▶ [WHAT THE EXERCISE ASKS] Below are lines of data, and only some are wanted. Please repeat exactly those from the line that has "Welcome scarecrow" through the line that has "DSCN1654 - Expo Bucuresti 14-16 nov 2013".

▶ [GIVEN DATA]
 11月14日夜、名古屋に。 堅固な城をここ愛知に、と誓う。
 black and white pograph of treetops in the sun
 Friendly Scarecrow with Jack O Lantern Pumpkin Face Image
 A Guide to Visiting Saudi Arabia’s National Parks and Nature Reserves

---

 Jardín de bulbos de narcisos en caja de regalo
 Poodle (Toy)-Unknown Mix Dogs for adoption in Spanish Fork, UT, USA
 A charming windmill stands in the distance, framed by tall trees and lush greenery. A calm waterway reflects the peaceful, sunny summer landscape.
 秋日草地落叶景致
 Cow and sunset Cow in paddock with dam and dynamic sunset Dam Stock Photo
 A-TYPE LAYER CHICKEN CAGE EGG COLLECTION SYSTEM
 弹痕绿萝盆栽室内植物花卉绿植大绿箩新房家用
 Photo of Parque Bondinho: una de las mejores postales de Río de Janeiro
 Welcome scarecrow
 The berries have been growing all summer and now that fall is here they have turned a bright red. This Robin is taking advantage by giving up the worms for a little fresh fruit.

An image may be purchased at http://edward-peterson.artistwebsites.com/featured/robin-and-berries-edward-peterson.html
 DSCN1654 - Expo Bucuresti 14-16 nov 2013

▶ [EXERCISE ANSWER]
 Welcome scarecrow
 The berries have been growing all summer and now that fall is here they have turned a bright red. This Robin is taking advantage by giving up the worms for a little fresh fruit.

An image may be purchased at http://edward-peterson.artistwebsites.com/featured/robin-and-berries-edward-peterson.html
 DSCN1654 - Expo Bucuresti 14-16 nov 2013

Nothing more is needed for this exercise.